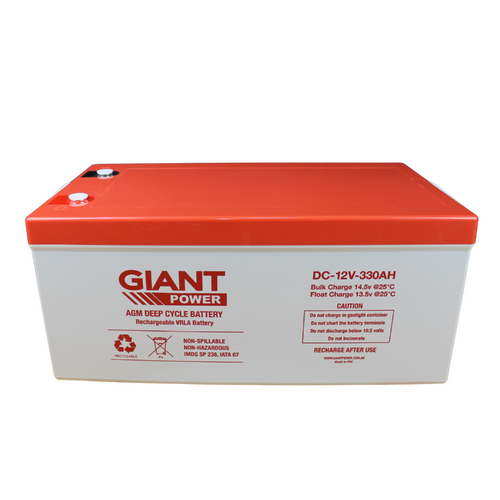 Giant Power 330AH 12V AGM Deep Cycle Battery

----------

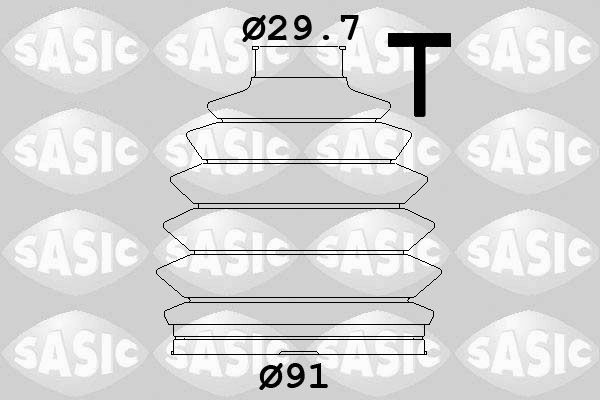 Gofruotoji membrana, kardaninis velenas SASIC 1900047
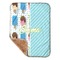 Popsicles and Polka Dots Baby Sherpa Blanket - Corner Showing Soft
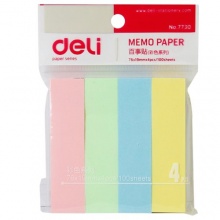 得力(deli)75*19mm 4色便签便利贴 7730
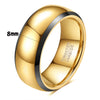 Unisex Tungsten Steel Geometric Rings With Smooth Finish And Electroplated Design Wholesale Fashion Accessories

----------

Task instructions:
Nothing except the lines from the one containing "得力(deli)75*19mm 4色便签便利贴 7730" through the one containing "Unisex Tungsten Steel" should appear in the answer, exactly as above and without pictures.

Exercise output:
 得力(deli)75*19mm 4色便签便利贴 7730
 Unisex Tungsten Steel Geometric Rings With Smooth Finish And Electroplated Design Wholesale Fashion Accessories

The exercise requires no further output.